* **WHAT IS BEING ASKED**
What you return should be the complete data below, word for word, with no pictures in it.

* **DATASET RECORDS**
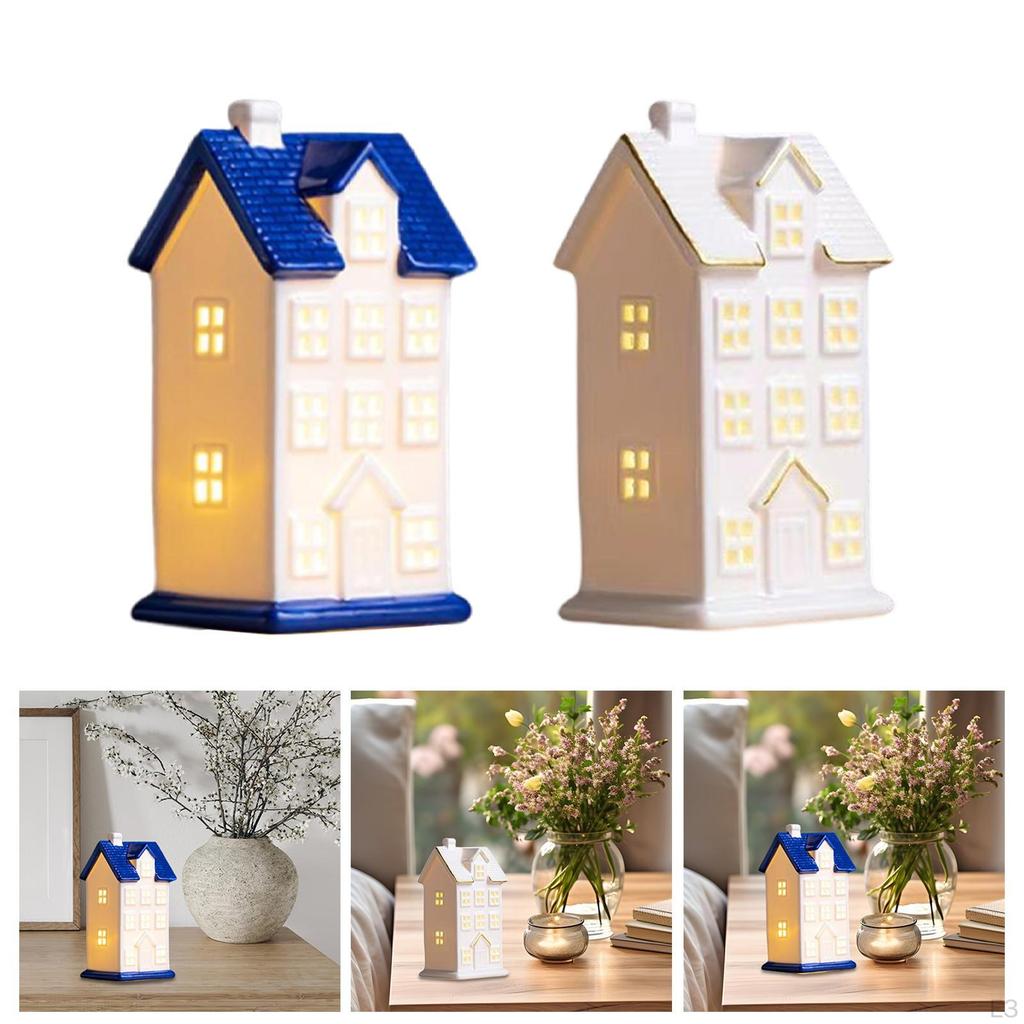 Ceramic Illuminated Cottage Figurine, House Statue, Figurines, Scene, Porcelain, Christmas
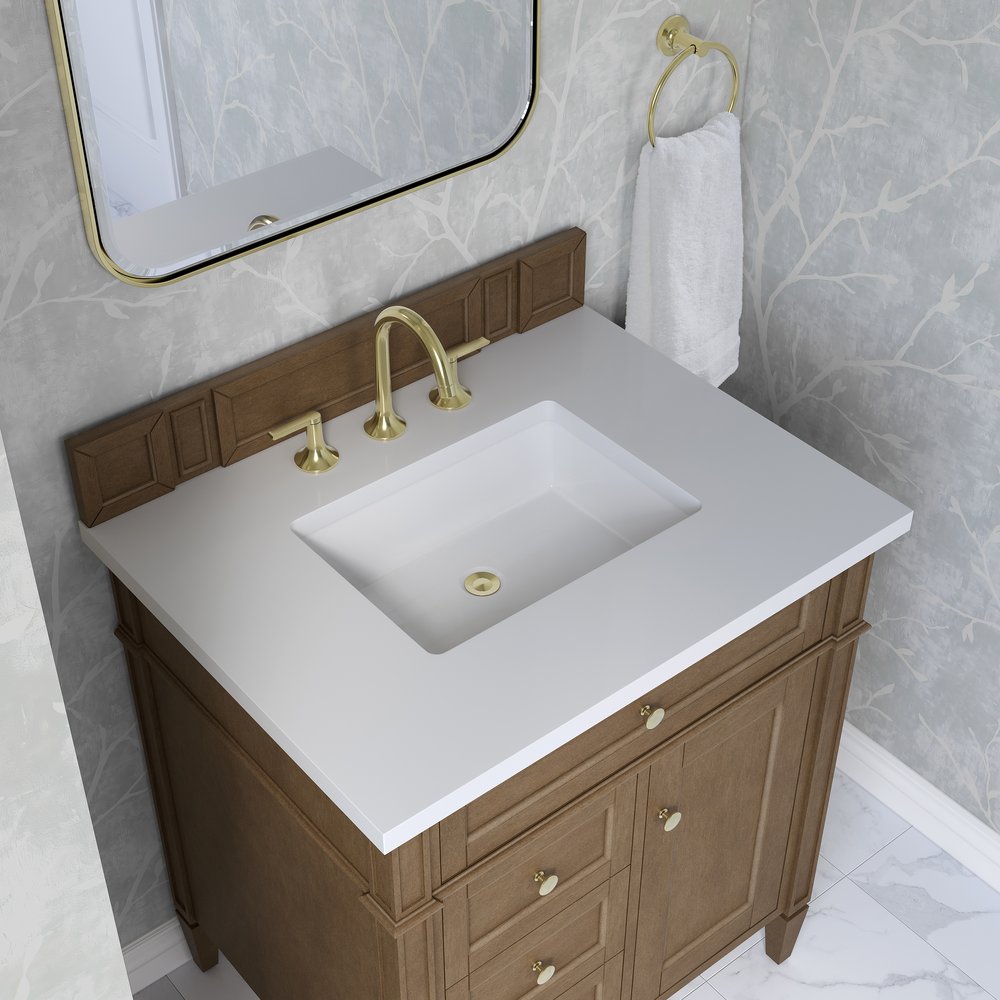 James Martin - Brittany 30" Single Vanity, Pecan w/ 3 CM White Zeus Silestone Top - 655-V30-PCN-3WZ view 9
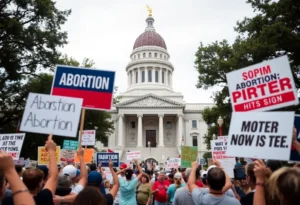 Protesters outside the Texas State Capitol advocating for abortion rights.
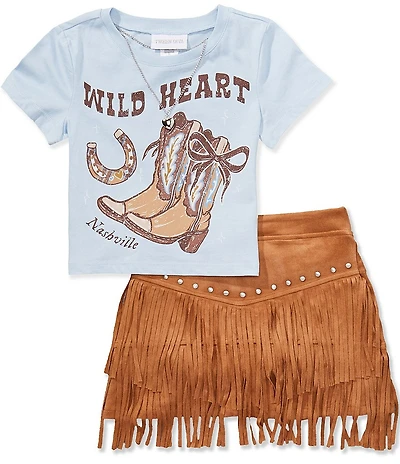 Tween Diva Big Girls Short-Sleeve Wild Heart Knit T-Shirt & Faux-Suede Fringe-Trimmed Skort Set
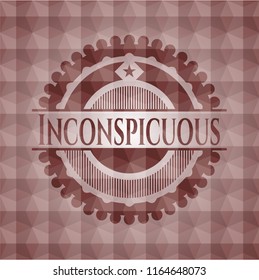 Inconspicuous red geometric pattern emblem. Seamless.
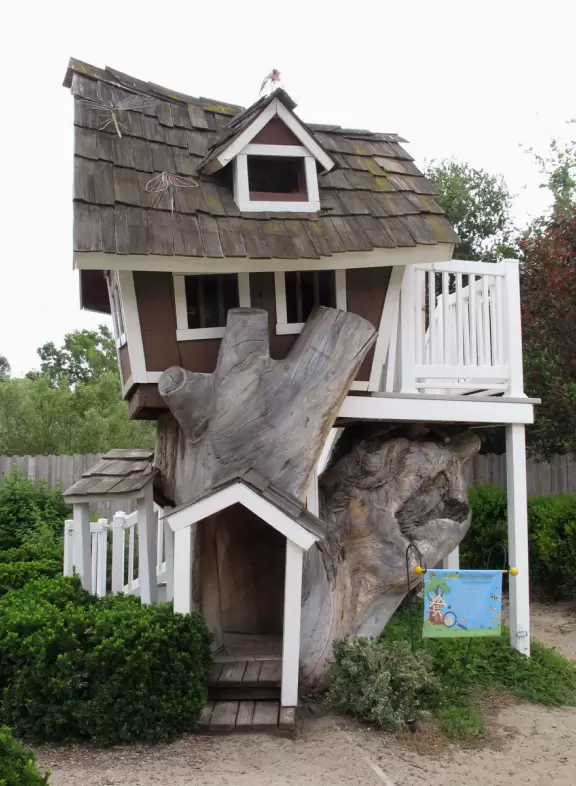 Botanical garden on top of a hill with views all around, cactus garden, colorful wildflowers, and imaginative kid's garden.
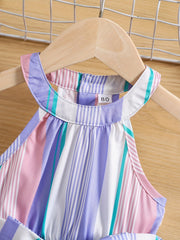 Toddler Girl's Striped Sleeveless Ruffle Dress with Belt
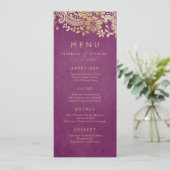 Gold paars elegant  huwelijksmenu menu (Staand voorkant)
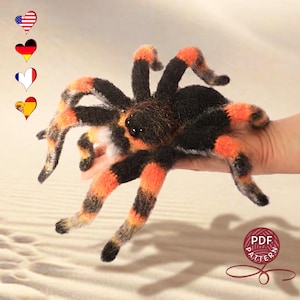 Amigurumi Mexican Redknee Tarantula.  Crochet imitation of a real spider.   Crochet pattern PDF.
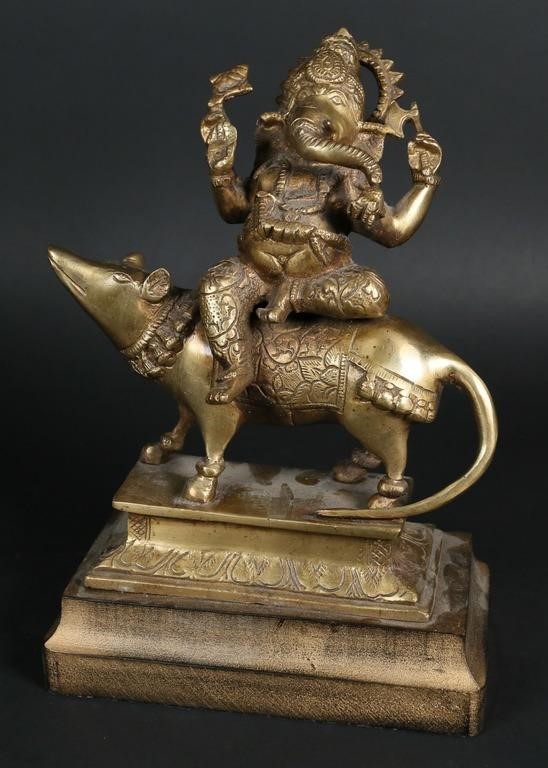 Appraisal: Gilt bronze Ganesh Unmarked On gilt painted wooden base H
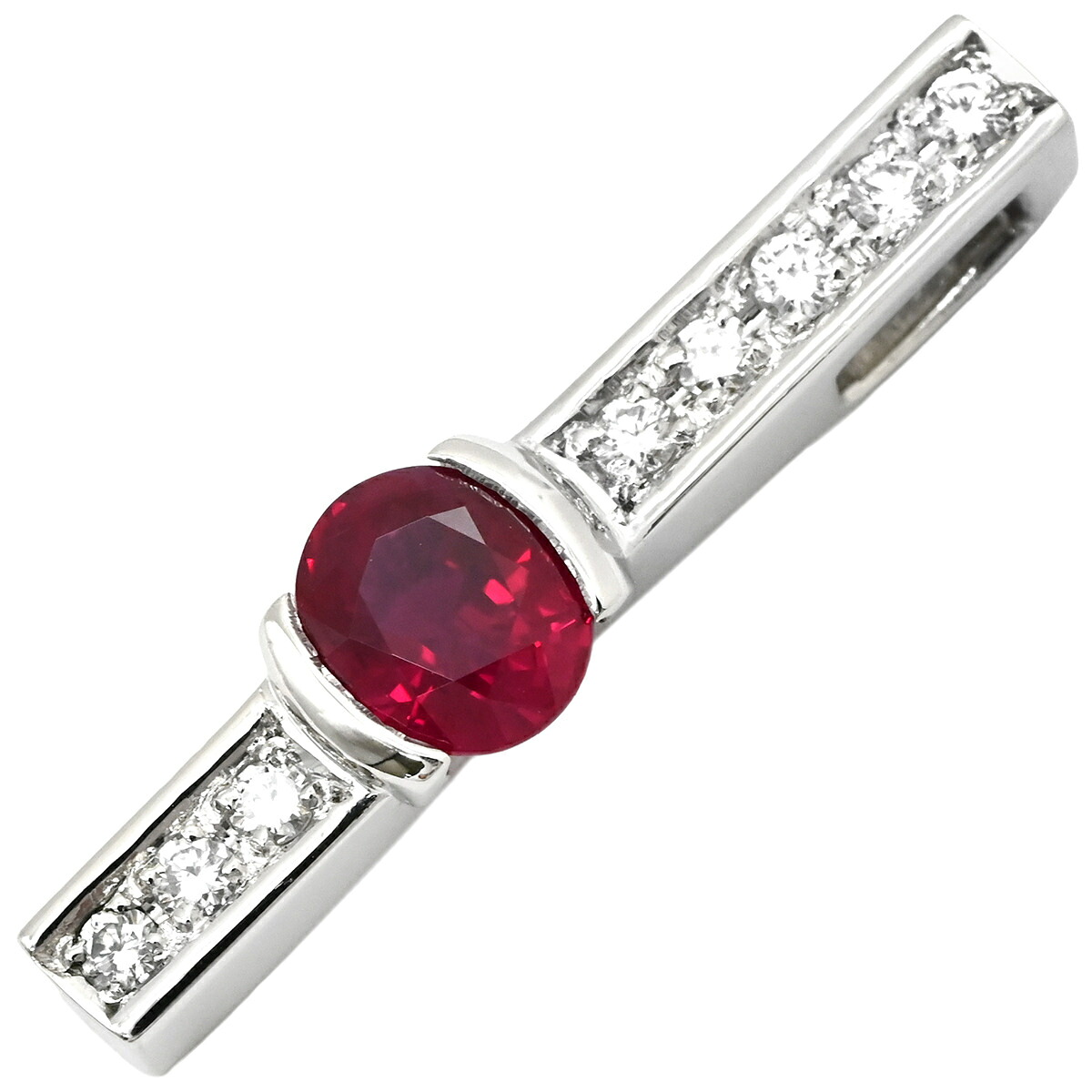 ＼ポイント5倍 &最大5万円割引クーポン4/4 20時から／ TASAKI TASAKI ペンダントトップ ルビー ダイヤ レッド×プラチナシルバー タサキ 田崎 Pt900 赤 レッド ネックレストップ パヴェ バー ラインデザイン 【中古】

* **TASK ANSWER**
 Ceramic Illuminated Cottage Figurine, House Statue, Figurines, Scene, Porcelain, Christmas
 James Martin - Brittany 30" Single Vanity, Pecan w/ 3 CM White Zeus Silestone Top - 655-V30-PCN-3WZ view 9
 Protesters outside the Texas State Capitol advocating for abortion rights.
 Tween Diva Big Girls Short-Sleeve Wild Heart Knit T-Shirt & Faux-Suede Fringe-Trimmed Skort Set
 Inconspicuous red geometric pattern emblem. Seamless.
 Botanical garden on top of a hill with views all around, cactus garden, colorful wildflowers, and imaginative kid's garden.
 Toddler Girl's Striped Sleeveless Ruffle Dress with Belt
 Gold paars elegant  huwelijksmenu menu (Staand voorkant)
 Amigurumi Mexican Redknee Tarantula.  Crochet imitation of a real spider.   Crochet pattern PDF.
 Appraisal: Gilt bronze Ganesh Unmarked On gilt painted wooden base H
 ＼ポイント5倍 &最大5万円割引クーポン4/4 20時から／ TASAKI TASAKI ペンダントトップ ルビー ダイヤ レッド×プラチナシルバー タサキ 田崎 Pt900 赤 レッド ネックレストップ パヴェ バー ラインデザイン 【中古】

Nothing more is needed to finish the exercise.